Based on my experience using fixed head doppler radars that LabRadar looks to be too far away from the gun to give an accurate reading for muzzle velocity. One of the shots also gives a 3ft/sec difference between the two which would have been enough for us to have rejected that shot in our trials. Our radars were required to agree to within around 2ft/sec or less with muzzle velocities of 2500ft/sec.
Both the LabRadar and the FX are okay for general use chronographs but are subject to errors just like any other chronograph costing a fraction of the price and they probably need to be positioned more carefully than your average chronograph for an accurate reading.
The whole point of all the comments I have made on fixed head doppler radar systems such as the LabRadar etc. is that if you want an accurate reading they are anything but simple to use. In our trials using muzzle velocity radars skilled experienced instrumentation engineers would spend hours trying to get two units to actually agree to within the required limits. With just one unit you will get a reading most of the time but you will not know if it is accurate or not. Positioning and weather conditions are critical.
So simple to use, but prone to innacuracy... I guess it depends on what you need.
I'll stick to my old targettronics PM-1 If I can't shoot thru the 4" hole, I have bigger problems...
Always looking for any cheap, interesting, knackered "project" guns. Thanks, JB.
If I might comment on this, as you state your skilled tech's will be trying to set them to a pre determined limit
When Joe public, like me, shoots through his chrono all he want's/gets is a number, we don't know if that's accurate or what that degree of accuracy is either
Positioning & weather conditions are also fairly critical to set them up.
It's the difference between laboratory conditions & testing in the back garden.
I don't think 5 fps either way is a big deal for the hobbyist (particularly full-bore). If you are chronographing professionally - that may well be a different story - i'm sure the costs are way different too. I have a Chrony - I constantly get errors due to lighting conditions such fluorescent lighting (which I have no control over) or for some other random reason I can't quite figure out. I live in fear of accidentally shooting the thing If chronographing at a public range - there may well be problems putting a standard chronograph in the line of fire. Having your chronograph behind the line of fire is an advantage in these situations. 6 of one, half dozen of another - choose your limitations.
My take on accuracy is that if you can get to around 1% error rate - or 99% accurate, then your doing well, and arguably will not know when your results are either 99.5% correct or 100.5% correct - this is around 8fps in a UK .177 legal gun (4 under, 4 over). So if 2 or even 3 cronos are within 2/3/4fps of each other then to me they are all acceptable and all in the ball park for accuracy and the pellet weights or batch will be causing more difference than this.
I see this latest crono as an item which does not replace or add significant advantages over other cronos already on the market, it's just another alternative, and will be better for some people and worse for others depending what they have used in the past. I use a Combro attached to a Bluecron lead to a phone and it does everything this one does and more - as my one gives graphs. But then I can't do a shot string 30m down range - but how often do you do that, and other than a passing interest would you care?, but my set up cost half of what this one does and I've had it 5 years+, so why the fan fare for this?

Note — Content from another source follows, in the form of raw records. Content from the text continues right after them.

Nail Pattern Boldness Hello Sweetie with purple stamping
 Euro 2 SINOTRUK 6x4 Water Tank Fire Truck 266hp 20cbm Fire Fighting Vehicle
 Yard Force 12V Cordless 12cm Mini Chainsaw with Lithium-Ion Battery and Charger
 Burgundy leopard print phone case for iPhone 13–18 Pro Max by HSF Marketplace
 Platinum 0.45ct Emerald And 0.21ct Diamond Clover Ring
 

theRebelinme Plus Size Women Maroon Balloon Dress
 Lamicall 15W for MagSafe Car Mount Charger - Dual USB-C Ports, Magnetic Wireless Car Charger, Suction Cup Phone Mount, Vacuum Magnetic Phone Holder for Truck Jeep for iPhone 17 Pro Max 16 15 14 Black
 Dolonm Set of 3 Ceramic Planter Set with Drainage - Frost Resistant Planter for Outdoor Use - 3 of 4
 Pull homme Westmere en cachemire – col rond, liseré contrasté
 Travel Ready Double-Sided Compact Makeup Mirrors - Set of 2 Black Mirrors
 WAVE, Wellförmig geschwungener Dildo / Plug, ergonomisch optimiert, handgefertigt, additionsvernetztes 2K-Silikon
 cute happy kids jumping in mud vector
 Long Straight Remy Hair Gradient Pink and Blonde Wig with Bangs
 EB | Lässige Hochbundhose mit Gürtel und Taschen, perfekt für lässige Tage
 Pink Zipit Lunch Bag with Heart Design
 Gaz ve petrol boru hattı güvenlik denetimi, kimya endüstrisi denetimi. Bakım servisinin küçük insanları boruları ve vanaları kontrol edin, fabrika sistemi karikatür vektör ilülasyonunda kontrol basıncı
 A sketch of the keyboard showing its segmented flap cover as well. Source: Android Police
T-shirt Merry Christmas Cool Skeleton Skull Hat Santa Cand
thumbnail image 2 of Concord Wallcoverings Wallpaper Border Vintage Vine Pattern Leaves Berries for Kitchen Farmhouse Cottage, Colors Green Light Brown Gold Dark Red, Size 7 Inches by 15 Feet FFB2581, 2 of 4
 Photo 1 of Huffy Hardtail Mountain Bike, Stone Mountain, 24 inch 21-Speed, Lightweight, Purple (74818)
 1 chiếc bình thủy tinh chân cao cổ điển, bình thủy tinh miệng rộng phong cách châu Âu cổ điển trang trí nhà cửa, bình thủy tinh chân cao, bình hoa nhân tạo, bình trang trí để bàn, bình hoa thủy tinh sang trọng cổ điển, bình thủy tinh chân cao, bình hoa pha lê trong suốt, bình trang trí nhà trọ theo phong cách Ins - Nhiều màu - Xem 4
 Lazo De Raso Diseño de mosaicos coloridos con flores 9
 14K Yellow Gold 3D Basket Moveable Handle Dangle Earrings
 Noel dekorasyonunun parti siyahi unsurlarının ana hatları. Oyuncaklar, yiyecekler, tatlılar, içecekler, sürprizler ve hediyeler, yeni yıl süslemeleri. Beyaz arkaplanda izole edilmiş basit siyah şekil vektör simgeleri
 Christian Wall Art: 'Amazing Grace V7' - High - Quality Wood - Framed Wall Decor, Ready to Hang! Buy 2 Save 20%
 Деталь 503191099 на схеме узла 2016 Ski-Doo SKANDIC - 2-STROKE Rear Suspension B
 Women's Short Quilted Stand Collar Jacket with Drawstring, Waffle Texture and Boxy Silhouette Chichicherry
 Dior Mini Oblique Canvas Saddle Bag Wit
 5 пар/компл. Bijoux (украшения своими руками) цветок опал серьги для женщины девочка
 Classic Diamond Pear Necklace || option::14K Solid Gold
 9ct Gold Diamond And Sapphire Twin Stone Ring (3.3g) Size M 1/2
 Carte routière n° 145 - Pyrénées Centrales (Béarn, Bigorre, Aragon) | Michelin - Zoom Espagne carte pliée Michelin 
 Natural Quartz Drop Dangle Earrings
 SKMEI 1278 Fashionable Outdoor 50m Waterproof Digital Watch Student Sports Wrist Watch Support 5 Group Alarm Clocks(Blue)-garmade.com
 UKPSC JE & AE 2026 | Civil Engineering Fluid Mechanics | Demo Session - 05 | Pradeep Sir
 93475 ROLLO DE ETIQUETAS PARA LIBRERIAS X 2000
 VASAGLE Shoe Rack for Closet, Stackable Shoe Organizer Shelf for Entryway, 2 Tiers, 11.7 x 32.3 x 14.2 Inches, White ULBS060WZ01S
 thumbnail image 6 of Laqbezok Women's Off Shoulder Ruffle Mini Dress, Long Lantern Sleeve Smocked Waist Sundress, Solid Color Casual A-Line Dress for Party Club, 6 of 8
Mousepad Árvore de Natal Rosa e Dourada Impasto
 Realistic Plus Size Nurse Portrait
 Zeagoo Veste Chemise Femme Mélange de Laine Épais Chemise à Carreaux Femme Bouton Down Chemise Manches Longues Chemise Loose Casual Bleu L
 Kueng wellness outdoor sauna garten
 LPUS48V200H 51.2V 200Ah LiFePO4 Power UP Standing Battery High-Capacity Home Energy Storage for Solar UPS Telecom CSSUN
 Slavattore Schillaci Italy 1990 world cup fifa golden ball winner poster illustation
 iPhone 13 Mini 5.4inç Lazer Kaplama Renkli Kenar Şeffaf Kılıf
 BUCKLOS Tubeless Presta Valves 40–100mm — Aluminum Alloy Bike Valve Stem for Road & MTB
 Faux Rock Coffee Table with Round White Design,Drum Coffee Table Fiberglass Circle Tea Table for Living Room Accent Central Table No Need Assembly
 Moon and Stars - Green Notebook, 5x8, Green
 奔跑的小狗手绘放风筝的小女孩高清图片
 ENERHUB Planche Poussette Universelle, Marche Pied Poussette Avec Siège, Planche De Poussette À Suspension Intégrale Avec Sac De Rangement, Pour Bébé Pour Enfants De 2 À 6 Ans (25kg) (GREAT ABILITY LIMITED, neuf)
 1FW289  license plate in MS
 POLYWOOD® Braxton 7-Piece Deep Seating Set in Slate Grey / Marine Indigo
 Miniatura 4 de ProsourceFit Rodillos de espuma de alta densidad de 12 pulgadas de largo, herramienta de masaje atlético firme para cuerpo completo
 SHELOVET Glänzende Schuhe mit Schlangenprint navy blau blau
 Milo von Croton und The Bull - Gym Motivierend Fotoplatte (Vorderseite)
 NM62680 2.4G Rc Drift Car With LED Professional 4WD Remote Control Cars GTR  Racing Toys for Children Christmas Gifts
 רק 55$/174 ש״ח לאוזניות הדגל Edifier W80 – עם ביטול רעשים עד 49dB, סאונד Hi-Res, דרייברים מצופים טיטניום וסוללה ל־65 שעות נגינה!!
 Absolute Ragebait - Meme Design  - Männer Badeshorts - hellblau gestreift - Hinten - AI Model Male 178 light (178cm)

None of this is slating the product, it could have been better, and it could have been cheaper, but as it is it's a welcome alternative to an already large market of air gun suitable cronos.
James
Making a mockery of growing old gracefully since I retired
There have been days when we were using muzzle velocity radars when atmospheric conditions wiped out the signal by swamping the radar with false returns. What was more worrying was on some occasions the radar would only get three or four data points but would still give a muzzle velocity value based on insufficient data. On the radars we were using we were able to see the amount of data collected, you cannot normally do that on the smaller simple sets available to the public. On one occasion it got so bad that I arranged for the range to buy a chronograph from Welsh Willy to check the figures we were getting.
On the question of accuracy I have often seen errors of +/- 2.5% with occasional errors of +/-5%. Ok if you have some idea what the muzzle velocity should be, not so good if you are checking a modified rifle for legality.
Please do not think I have something specific against the FX radar, I am mearly advising caution and care in their use. The LabRadar is the same with numerous reports from the US of people having problems with them and a large number of videos showing entirely inappropriate positioning by both amateur and professional users.
Anyone managed to use one of these with an underlever rifle - like a HW97??
All the images I've seen show them attached to the underside of the barrel, would it not work upside down, on top?
How good are these compared to a skan chrono? Or even against the combro?